We have made several comments in the past regarding the advantage that legislation out of Washington like Dodd-Frank has given to large cap Financials. Judging by the divergence in performance between large cap Financials and their mid and small cap peers, the advantage is still alive and well.
Similar to the Financial sector, legislation like the Affordable Care Act has also given an advantage to larger cap Health Care stocks over similar stocks in the small cap sector. Given that larger firms typically have the scale and influence to win government business, investors have been more eager to stick with larger names in the sector over smaller companies with less scale and influence.
Regardless of market cap, Industrials sector stocks have been outperforming their respective indices. Over the last year, mid cap stocks in the sector are doing the best, while small and large cap Industrial stocks are both outperforming their respective indices by similar margins.

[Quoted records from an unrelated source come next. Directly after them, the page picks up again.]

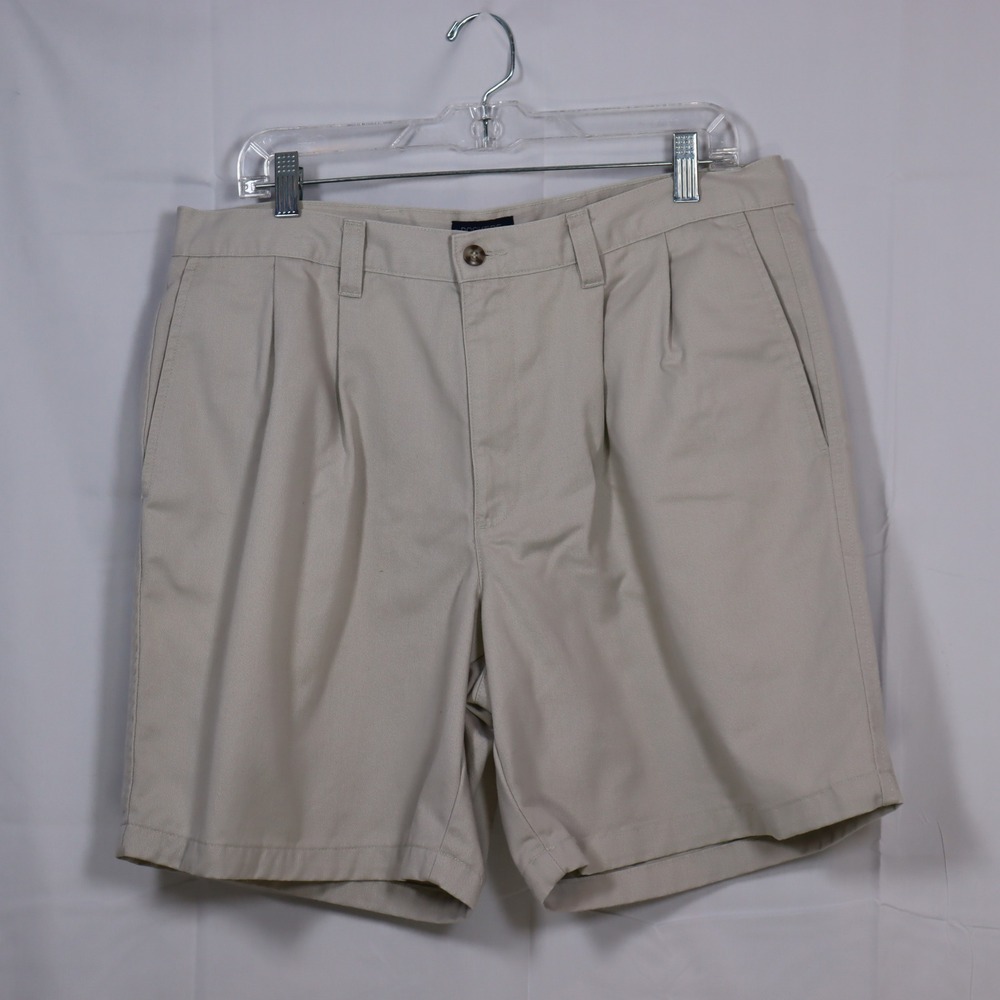 Dockers Pleated Chino Shorts Mens 36 Beige Khaki Cotton Blend Twill Casual Prep
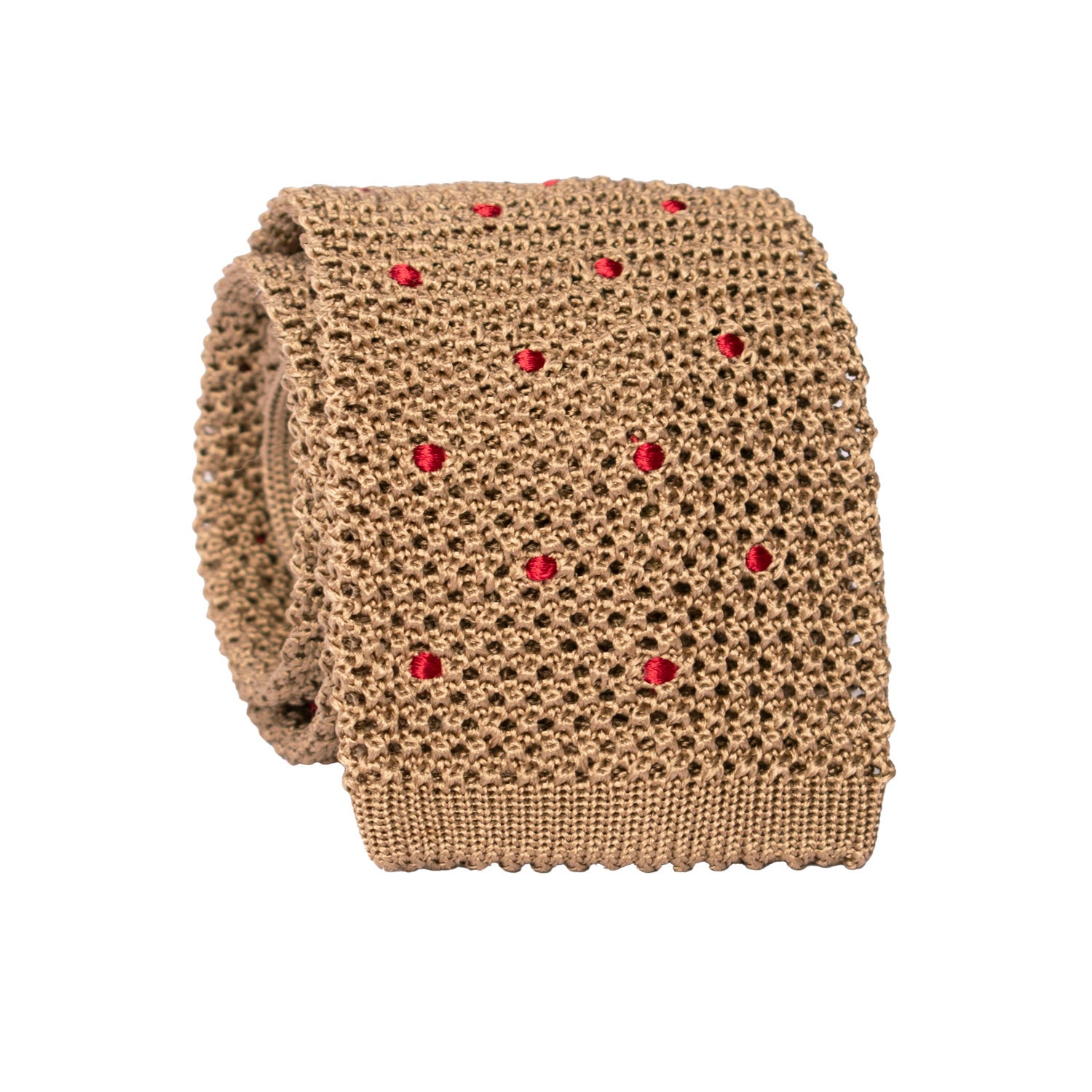 Cravatta Tricot in Maglia di Seta Beige a Pois Rossi TRI755 Graffeo Cravatte Made in Italy Rotolo
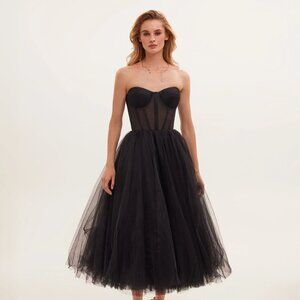 Milla Black Strapless Puffy Midi Tulle Dress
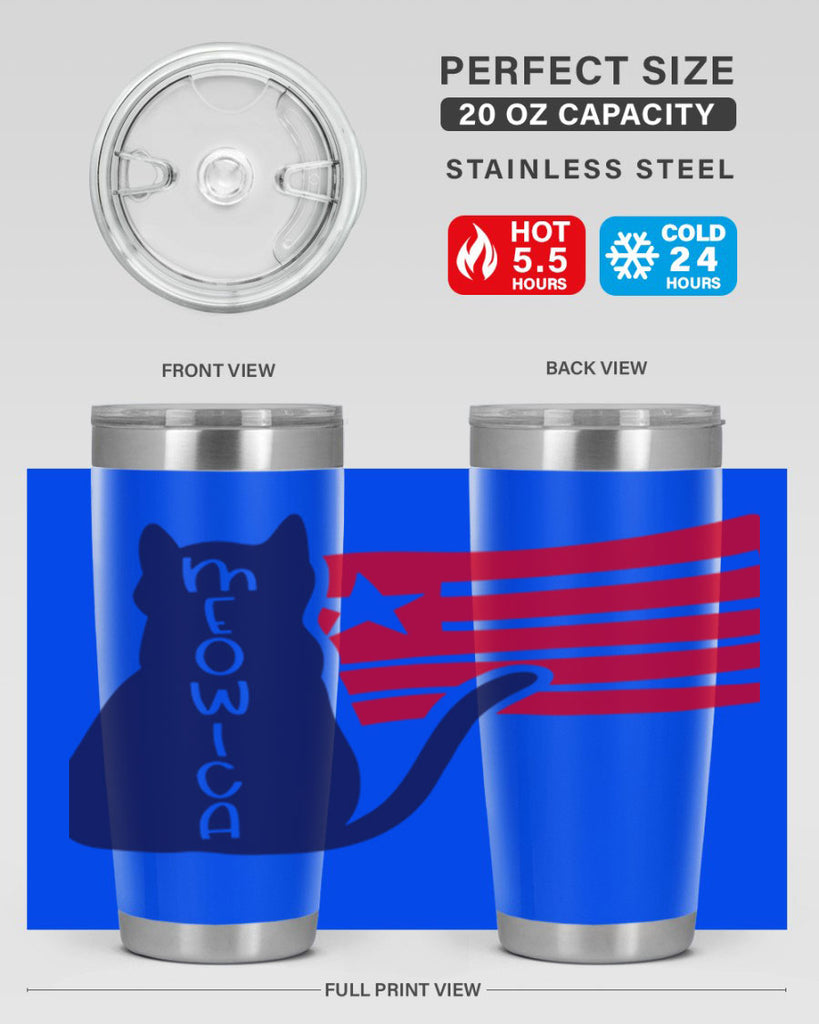 Meowica Style 166#- Fourt Of July- Tumbler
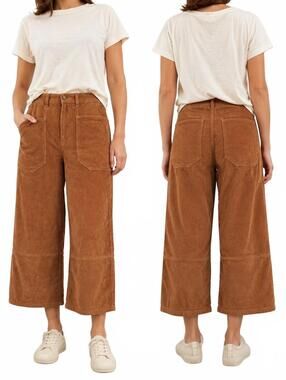 Everlane Women's Brown Corduroy Cropped Wide-Leg Pants, Size 6.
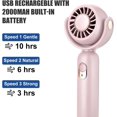 thumbnail image 3 of Mini Portable Fan, Handheld Fan Strong Winds 3 Speeds 130° Rotation, Desktop Fan with Base USB Rechargeable Small Fan, Pink, 3 of 5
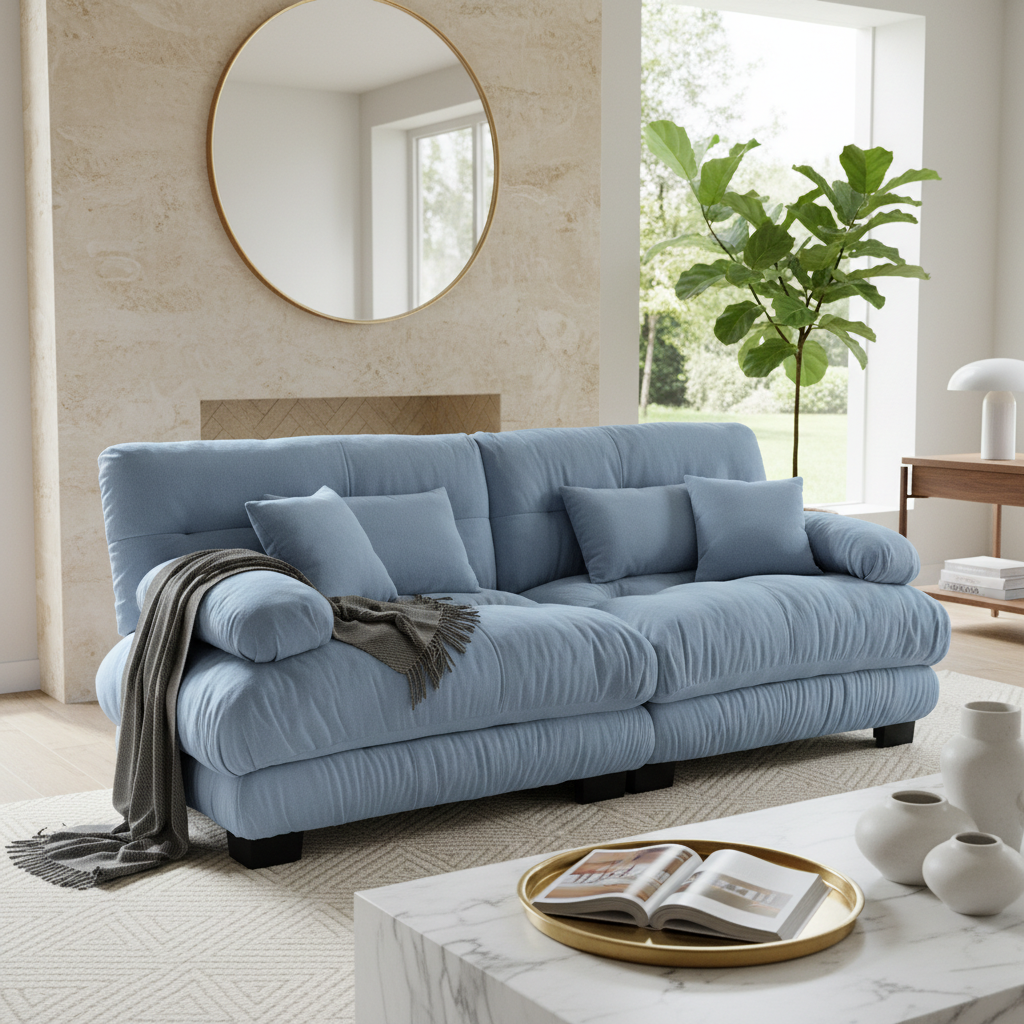 Monterey 94" 4-Seater Modular Cloud Sofa with Bolstered Armrests and Pillows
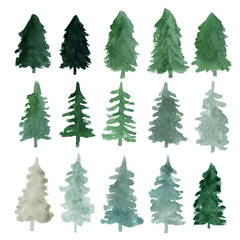 Fir-trees silhouettes isolated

Materials stocks typically have a lot of exposure to commodities and international markets. Therefore the larger the stock, the more likely it is to have a large percentage of international exposure. Over the last year, that is exactly what we have seen in the sector. Large cap Materials sector stocks are underperforming by the largest degree, while small caps are actually slightly outperforming the overall S&P 600 small cap index.
Driven largely by Apple (NASDAQ:AAPL), and more recently Microsoft (NASDAQ:MSFT), large cap Technology stocks have been a drag over the last year, causing the large cap Technology sector to underperform by a wide margin. At the other end of the spectrum, however, small cap Technology stocks have actually outperformed the overall small cap index.
The Telecom Services and Utilities sectors have both underperformed over the last year regardless of market cap. One primary driver for the underperformance is the fact that these stocks typically have high dividend yields, and as interest rates have risen, stocks with high dividends have sold off.